Repeat precisely the span of lines below that opens with the line containing "トレーナー メンズ スウェット ロゴ プリント クロス 総柄 長袖" and closes with the line containing "IEK BRITE BASE", both included.
== Data to use ==
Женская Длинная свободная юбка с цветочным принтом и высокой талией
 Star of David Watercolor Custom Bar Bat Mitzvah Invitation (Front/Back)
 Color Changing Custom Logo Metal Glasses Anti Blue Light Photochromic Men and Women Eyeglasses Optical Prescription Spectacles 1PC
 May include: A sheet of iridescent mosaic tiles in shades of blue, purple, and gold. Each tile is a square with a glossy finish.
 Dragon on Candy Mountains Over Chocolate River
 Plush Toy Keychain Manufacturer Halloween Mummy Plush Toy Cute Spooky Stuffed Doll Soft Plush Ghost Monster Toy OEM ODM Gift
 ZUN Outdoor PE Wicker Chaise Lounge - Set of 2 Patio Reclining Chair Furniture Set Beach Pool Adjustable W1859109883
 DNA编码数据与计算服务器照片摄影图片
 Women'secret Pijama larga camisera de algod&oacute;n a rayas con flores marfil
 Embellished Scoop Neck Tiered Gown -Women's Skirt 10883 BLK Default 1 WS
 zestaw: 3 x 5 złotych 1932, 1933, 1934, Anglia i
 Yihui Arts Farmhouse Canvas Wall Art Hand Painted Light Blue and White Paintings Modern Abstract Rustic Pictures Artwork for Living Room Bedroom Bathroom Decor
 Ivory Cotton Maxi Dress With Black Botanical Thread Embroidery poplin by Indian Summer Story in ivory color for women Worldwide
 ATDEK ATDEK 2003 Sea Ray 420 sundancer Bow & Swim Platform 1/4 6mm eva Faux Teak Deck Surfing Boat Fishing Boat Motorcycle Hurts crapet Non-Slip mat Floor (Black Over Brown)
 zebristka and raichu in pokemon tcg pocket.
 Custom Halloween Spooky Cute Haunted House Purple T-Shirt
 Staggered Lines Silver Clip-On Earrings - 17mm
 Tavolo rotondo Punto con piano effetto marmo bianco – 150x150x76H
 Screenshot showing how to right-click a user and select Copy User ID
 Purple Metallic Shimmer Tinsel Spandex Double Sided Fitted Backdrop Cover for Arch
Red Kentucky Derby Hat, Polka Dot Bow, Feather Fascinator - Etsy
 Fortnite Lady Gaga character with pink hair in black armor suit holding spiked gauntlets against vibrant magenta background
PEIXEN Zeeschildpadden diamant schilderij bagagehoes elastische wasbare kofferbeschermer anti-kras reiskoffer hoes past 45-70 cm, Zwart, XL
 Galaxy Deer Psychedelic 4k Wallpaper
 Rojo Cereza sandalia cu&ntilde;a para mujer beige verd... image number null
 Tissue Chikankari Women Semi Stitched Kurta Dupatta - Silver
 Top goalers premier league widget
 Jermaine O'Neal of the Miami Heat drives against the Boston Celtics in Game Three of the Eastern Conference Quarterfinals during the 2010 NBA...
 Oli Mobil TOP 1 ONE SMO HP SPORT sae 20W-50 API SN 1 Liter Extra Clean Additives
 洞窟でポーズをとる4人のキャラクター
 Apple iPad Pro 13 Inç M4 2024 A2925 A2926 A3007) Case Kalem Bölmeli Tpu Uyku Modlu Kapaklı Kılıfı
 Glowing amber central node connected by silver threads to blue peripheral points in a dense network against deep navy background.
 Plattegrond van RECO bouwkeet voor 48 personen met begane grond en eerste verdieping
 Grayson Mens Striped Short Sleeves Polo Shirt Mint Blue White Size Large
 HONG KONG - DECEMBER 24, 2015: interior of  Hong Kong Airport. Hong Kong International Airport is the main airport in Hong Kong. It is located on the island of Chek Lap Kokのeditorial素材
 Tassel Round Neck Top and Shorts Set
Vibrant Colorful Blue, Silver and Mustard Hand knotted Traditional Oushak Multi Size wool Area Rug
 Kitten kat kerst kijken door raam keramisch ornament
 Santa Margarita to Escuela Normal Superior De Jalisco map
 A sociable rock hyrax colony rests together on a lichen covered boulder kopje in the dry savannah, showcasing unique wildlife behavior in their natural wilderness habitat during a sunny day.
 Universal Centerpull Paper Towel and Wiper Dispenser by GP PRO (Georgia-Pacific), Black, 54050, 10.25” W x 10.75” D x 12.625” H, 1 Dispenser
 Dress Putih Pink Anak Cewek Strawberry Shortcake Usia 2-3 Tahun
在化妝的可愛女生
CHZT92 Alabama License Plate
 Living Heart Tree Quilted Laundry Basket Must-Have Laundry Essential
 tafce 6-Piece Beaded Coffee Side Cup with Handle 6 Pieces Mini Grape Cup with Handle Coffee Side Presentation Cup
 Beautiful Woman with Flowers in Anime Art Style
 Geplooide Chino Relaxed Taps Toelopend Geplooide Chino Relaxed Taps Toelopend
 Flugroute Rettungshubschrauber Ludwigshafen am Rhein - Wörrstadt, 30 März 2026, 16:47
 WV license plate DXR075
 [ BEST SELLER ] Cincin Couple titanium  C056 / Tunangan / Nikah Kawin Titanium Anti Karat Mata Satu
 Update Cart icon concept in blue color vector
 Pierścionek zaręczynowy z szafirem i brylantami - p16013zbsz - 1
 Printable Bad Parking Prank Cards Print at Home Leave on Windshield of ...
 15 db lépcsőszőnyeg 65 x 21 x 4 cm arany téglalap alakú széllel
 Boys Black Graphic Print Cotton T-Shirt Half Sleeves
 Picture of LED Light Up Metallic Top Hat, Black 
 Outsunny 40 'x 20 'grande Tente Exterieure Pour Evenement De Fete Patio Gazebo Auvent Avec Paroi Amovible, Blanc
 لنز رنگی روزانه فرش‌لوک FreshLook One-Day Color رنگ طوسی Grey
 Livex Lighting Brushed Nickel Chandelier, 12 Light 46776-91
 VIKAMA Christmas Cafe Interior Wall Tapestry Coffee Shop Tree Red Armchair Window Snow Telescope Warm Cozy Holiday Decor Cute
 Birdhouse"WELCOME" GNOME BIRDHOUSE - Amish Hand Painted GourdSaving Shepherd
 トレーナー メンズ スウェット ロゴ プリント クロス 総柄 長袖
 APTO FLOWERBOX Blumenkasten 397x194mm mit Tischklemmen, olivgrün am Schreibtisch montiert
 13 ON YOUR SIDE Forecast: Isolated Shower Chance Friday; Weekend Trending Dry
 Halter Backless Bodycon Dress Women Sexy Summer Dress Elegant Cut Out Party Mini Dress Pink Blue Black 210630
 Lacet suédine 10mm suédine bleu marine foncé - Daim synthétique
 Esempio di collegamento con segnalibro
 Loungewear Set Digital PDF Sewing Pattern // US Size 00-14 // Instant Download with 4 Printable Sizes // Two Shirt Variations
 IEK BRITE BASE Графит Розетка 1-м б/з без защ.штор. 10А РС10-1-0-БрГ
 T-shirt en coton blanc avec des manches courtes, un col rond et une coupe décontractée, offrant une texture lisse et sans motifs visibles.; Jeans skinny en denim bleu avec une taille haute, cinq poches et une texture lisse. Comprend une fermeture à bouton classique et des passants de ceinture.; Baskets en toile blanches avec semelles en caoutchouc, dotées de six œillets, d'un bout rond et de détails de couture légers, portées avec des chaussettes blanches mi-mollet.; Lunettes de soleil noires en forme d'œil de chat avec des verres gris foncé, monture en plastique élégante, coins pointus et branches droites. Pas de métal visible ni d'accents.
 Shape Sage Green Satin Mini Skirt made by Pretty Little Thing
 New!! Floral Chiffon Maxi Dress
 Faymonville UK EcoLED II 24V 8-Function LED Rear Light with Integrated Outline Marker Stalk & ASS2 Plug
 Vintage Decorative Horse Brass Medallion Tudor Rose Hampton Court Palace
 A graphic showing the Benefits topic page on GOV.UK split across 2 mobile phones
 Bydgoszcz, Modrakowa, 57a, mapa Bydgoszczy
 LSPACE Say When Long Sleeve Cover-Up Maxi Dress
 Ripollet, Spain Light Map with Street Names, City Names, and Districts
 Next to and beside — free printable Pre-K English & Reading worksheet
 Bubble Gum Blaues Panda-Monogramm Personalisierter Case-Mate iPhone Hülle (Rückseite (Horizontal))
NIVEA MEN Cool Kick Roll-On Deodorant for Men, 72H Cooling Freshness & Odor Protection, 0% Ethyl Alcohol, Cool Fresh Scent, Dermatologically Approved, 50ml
===
> Response area:
 トレーナー メンズ スウェット ロゴ プリント クロス 総柄 長袖
 APTO FLOWERBOX Blumenkasten 397x194mm mit Tischklemmen, olivgrün am Schreibtisch montiert
 13 ON YOUR SIDE Forecast: Isolated Shower Chance Friday; Weekend Trending Dry
 Halter Backless Bodycon Dress Women Sexy Summer Dress Elegant Cut Out Party Mini Dress Pink Blue Black 210630
 Lacet suédine 10mm suédine bleu marine foncé - Daim synthétique
 Esempio di collegamento con segnalibro
 Loungewear Set Digital PDF Sewing Pattern // US Size 00-14 // Instant Download with 4 Printable Sizes // Two Shirt Variations
 IEK BRITE BASE Графит Розетка 1-м б/з без защ.штор. 10А РС10-1-0-БрГ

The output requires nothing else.